JG I would like to tie this observation to the larger question of the historical conditions of human consciousness that are formed in relation to different media. It is possible to say that the film era, the television era and the digital era produce overlapping and interdependent “consciousness effects.” Your work asks questions about media shifts in consciousness or in even larger social formations, such as Debord’s notion of the spectacle. How do you address visual histories in your work?

PP I tend to imagine the continuities between something as old as painting and something as new as a live broadcast of a basketball game. The way a basketball game is shot owes a lot to painting. The game itself has been transformed by its formatting for television: certain boundary lines have been moved to create more action near the goalposts; the camera is set up so there can be star shots; and so on.

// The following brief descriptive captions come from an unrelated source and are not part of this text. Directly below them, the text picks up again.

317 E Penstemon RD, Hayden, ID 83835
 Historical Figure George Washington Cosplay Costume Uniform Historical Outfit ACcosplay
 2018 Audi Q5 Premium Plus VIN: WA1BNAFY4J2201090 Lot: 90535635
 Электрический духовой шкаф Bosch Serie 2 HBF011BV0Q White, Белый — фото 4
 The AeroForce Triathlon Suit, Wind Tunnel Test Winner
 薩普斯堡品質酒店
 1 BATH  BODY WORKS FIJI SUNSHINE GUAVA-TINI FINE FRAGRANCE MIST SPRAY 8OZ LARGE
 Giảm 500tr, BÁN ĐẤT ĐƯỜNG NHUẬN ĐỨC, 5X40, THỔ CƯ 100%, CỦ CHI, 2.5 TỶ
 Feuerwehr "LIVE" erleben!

JG It makes me think of the heroism of the figure in painting, the muscular detail, the body in extreme displays of prowess and grace. Historical archetypes of the human form are brought into a temporal moment of onscreen movement.

PP An important marker between the two would be Leni Riefenstahl’s films, in which the tropes of classical sculpture and geometry provide the context for these perfect bodies. Sports videography owes a debt to those films as well.

JG Yes, and those films also have a particular racial discourse that underlies the conception of the idealized body.

PP Is it arbitrary that the bodies defined in pop culture and images turn out to be very white or very black? I don’t think so, but I think this has more to do with the kinds of fantasies that particular bodies produce in today’s pop culture. I’ve been researching the image of Bruce Lee. He interests me in the way that images of basketball or boxing interest me. His body is supposed to function in an environment that seems quite hostile. Bruce Lee did so much in a field that is rife with stereotypes and offers such a small range for Asian actors. At the same time, he espoused a philosophy that runs counter to the nature of the image-oriented culture he was working in. Think of that final scene in Enter the Dragon, when he is in the room of mirrors and his image is reproduced and fragmented. It feels like such an interesting metaphor for the position he held in Hollywood.

JG Yes, the cinematic state.

PP A beautiful, frightening representation of that.

JG You raised the question of geometry. The geometry of your own work is rarely discussed, despite the fact that a number of your pieces seem to take it up explicitly. You have also mentioned your interest in Leonardo’s Vitruvian Man. Can you say more about this?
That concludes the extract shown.